Recently my fiancé, Jonathan, and I went on a double date with his mother, Charlene, and her fiancé, Maurice. It was Jazz Night at Colucci’s, an old-school Italian joint in Northern New Jersey just down the street from Charlene’s apartment (also Jonathan’s childhood home); Charlene had gone to high school with the owner, Joey, who greeted all of us -- even me, whom he’d never set eyes on before -- with a big hug and a smile, and a bellow of “AVVOCAT!” for Jonathan, who is an attorney.

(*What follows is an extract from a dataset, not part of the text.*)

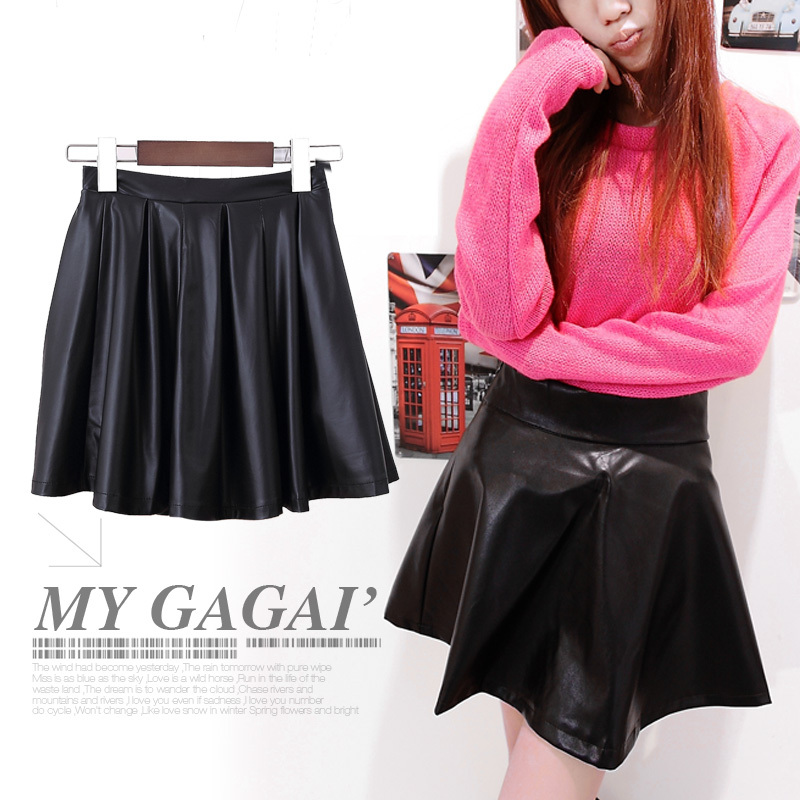 2012 women's fashion handsome fashion pleated small leather skirt short skirt bust skirt a37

We ordered antipasti and economy-sized glasses of the house white, and the headliner for the evening, a locally renowned jazz guitarist wearing a black fedora emblazoned with his name in sparkling rhinestones, addressed the crowd. He informed the small but attentive audience, seated at a cluster of small tables covered in white cloths, that while his main pursuit was the jazz guitar, he also dabbled in vocals; he plucked out a couple of classic tunes and then launched into what ended up being a fairly exhaustive survey of 20th century American music -- heavy on the Sinatra and Motown, it also included a couple of Bee Gees numbers and a rousing version of “Brick House” (to which Charlene and I shimmied alone on the dance floor).

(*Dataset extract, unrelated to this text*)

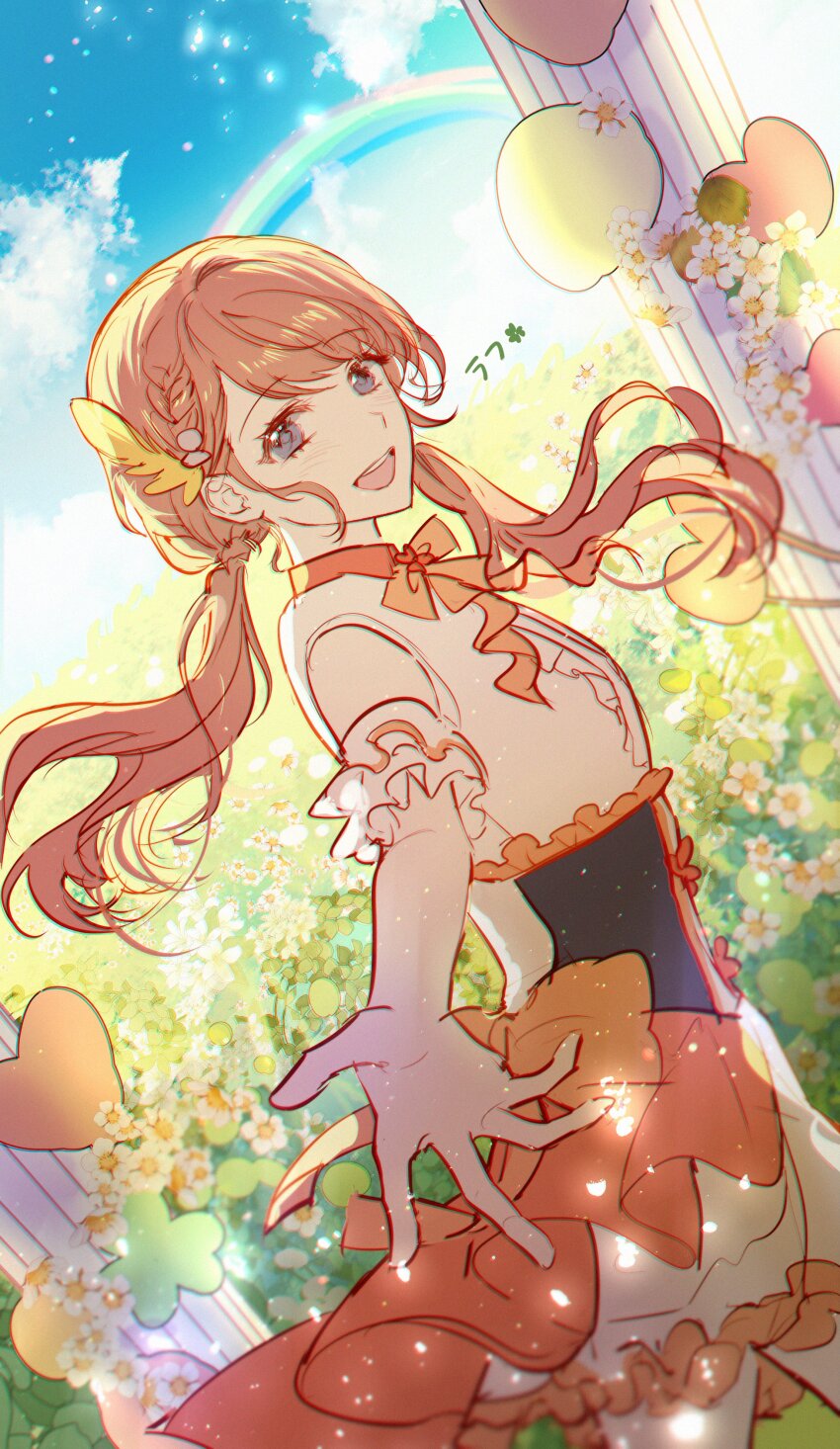 1girl, absurdres, armband, back_bow, backlighting, balloon, black_corset, blue_sky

Because of Jonathan’s previous descriptions of Colucci’s, I’d anticipated an entertaining evening -- and I certainly got it. What I didn’t expect was great food. Although the foil-wrapped butter pats were ice cold (as Jonathan had told me they would be), and the salad laced with pallid wedges of out-of-season tomatoes, my entrée, Pollo Scarpariello, was somewhat of a revelation. Tender morsels of chicken breast and chunks of sweet Italian sausage swam in a simple white wine, mushroom and sundried tomato sauce, reminding me of a dish I used to make regularly when I was just getting into cooking as a serious pursuit. I’d dredge bite-sized pieces of chicken breast in flour and brown them in a big pan, along with slices of sausage. Then, using the browned bits of flour in the pan, I’d make a slightly thickened white wine, shallot and rosemary sauce for the meat, brightening it with lemon juice and a pinch of hot pepper and folding in artichoke hearts right at the very end. Sometimes I used green olives instead of artichokes, and sometimes the sausage didn't make it into the recipe, but the technique of coating the meat in flour before browning it always made for a velvety, rich sauce that cloaked the chicken with its fragrance.
Below is an updated version of the recipe, using bone-in chicken thighs, which I prefer these days. Feel free to use small pieces of white meat if you'd like -- just make sure to brown them quickly and reduce the sauce before adding the chicken back to the pan for just a few minutes at the very end.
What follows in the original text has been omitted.